# Still showing high levels of nitrite



## logans (Apr 1, 2006)

Still trying to get Nitrites down. I have had my tank for about 6 weeks now. I am now at the point in the cycle where there is no ammonia but the nitrites are spiking. I have been getting all sorts of conflicting info on what I need to do.

I have been told by some to do a massive water change. I have been told by someone else that I should not do a water change becuause that will just slow down the process of the cycle and I should just let it finish its course. I have been told by others that I can just ad AmQuel and that will detoxify the nitrites. I have been told by someone else that by adding AmQuel I am just preventing the cycle from continuing to the next stage by detoxifying it and preventing the needed bacteria growth. And that I should not add any AmQuel. I was told by someone else to ad bio spira which will make the tank immediately safe for the fish and speed up the cycle.

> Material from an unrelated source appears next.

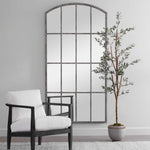 Amiel - Arched Mirror - Ivory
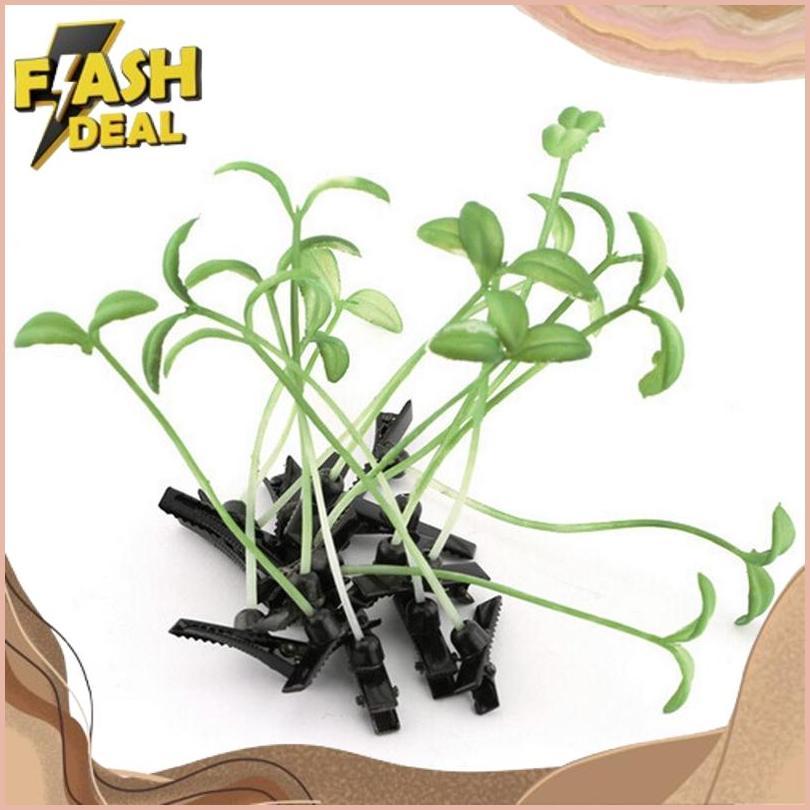 Offer Discount Hpda Hairpin Sepucuk Daun Tunas Tauge Sporut Hick Jepit Rambut Cosplay Dr-02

I did go to the pet store seeking out bio spira. They didn't have any but the lady there directed me to a bottle of Cycle that she says she uses that works good for her. It explains on the bottle that it adds nitrifying bacteria that speeds up the cycle, helps eliminate nitrates and ammonia, and makes the tank environment less stressful when adding new fish. I added the Cycle last night, just checked the nitrites again tonigh still showng abut 4 or 5 ppm. 

Not sure what to do at this point, do I do a water change, do I add AmQuel, do I not add AmQuel, do I do nothing and just let things take their course?
Fish seem to be doing fine but I am worried about the ongoing high level of nitrites. Tank has been showing this level of nitrites for at least a week now. I was adding AmQuel every couple of days but since stopped based on advice given not to add it (as mentioned earlier in this post)

Any input from you fish gurus would be great.

---Mike


----------



## emc7 (Jul 23, 2005)

If you have fish in your tank, do enough water changes to keep the nitrite in the "safe" or at least "stress" level (look at your test kit) for fish, just letting it rise will kill the fish, so its worth lenghtening the cycle to keep your fish alive, and also really high nitrite can kill the bacteria you need and start your cycle all over again. There are lots of posts on cycling tanks here just search. Hate to tell you this but although both bio-spira and stability speed up the cycling process, the product called Cycle has actually been proven to lenghthen it. The cultures it contains are not the ones you need. Prime supposedly "detoxifies' ammonia and nitrites without keeping the bacteria you need from eating them. Amquel only detoxifies ammonia, so it that part of the cycle is finished, and your ammonia readings are zero, you don't need it anymore. If it were my tank, I would do a large water change without gravel washing or rinsing the filter and add a double or quadruple dose of Prime to protect the fish from nitrite. However, Prime can mess up nitrite and nitrate test results. I think repeated uses of amquel without water changes can drop your pH drastically, so skipping water changes entirely is a bad idea.


----------



## logans (Apr 1, 2006)

Thanks for the quick reply. I am going to do another water change right now. I guess there is no need to add AmQuel if it only detoxifies ammonia. My tank shows no signs of ammonia and only like 10 ppm of nitrates. Nitrites seem to be the main concern. Regardless of what I add, a water change will definitely help with the nitrite levels. So it seems like Cycle was not the right thing to get afterall. Hmmm, too bad I didn't know that before spending the $8 on it. Oh well, live and learn I guess.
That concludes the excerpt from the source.